Seaweeds are commonly used as functional foods and drugs. A glycoprotein (GP) from the green alga Capsosiphon fulvescens (Cf) has been reported to have antitumor activity toward various cancer cells. We previously observed that Cf-GP induced different pathways of apoptosis in AGS human gastric cancer cells. Transforming growth factor (TGF)-β1 plays an important role in cancer cell migration. Increased TGF-β1 levels increase the expression of the small GTPases and activate the FAK/PI3K/AKT pathways, resulting in the upregulation of integrin receptor proteins, which mediate the attachment of cells to surrounding tissues, cells or extracellular matrix.

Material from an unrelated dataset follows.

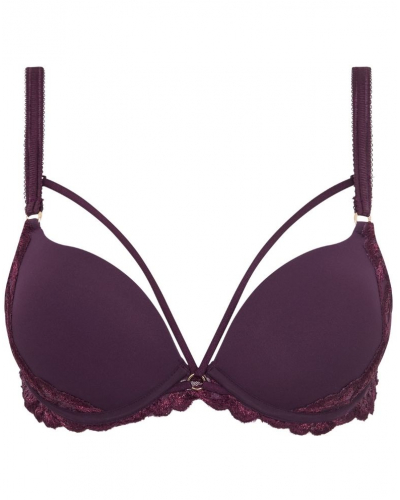Padded bra push-up Chantelle Illusion (Aubergine Lurex)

Thus, the inhibition of TGF-β1 signaling would downregulate integrin expression and thereby effectively decrease cell growth and migration. In the present study, we determined the effect of Cf-GP treatment on the proliferation, migration and apoptosis of AGS human gastric cancer cells. To investigate the mechanism by which Cf-GP exerts its anticancer actions, we examined the effect of Cf-GP on the expression levels of TGF-β1, FAK, PI3K, AKT, the small GTPases and integrins in AGS cells. Our findings indicate that Cf-GP inhibits AGS cell proliferation and migration by downregulating integrin expression via the TGF-β1-activated FAK/PI3K/AKT pathways. These results suggest that Cf-GP may be an important factor in the development of functional foods and therapeutic agents.

Introduction

Capsosiphon fulvescens (Cf) is green seaweed that grows mainly in the clean areas of the sea off the coast of Korea. It is commonly used as a traditional health food, and various bioactive effects of Cf have been reported (1). A compositional analysis of Cf showed that it contains high levels of proteins, carbohydrates and amino acids (2). Specific substances in Cf are known to boost the immune system, bio-activity and have anticancer activities (3–5). We previously observed the induction of apoptosis in AGS human gastric cancer cells by a glycoprotein of Cf (6,7). This glycoprotein has also been reported to inhibit cell invasion (8).

Transforming growth factor (TGF)-β1 is a cytokine associated with various human cancers (9,10) involving macrophages, brain cells and keratinocytes. Previous studies have reported that TGF-β1 modulates cell migration, invasion and proliferation in gastric cancer cells (11). TGF-β1 induces the overexpression of growth factor focal adhesion kinase (FAK) protein in several cancers, activates phosphatidylinositol 3-kinase (PI3K)/AKT and small GTPase proteins (12), and upregulates integrin proteins. The small GTPases, which include Rho A, Rho B, Rac-1 and Cdc 42, are involved in the signaling pathways associated with diverse cellular functions, including cell proliferation and migration, in response to different growth factor receptors (13). The small GTPases also activate nuclear transcription factor-κB (NF-κB), which upregulates the expression of integrin receptor proteins, thereby contributing to cell migration.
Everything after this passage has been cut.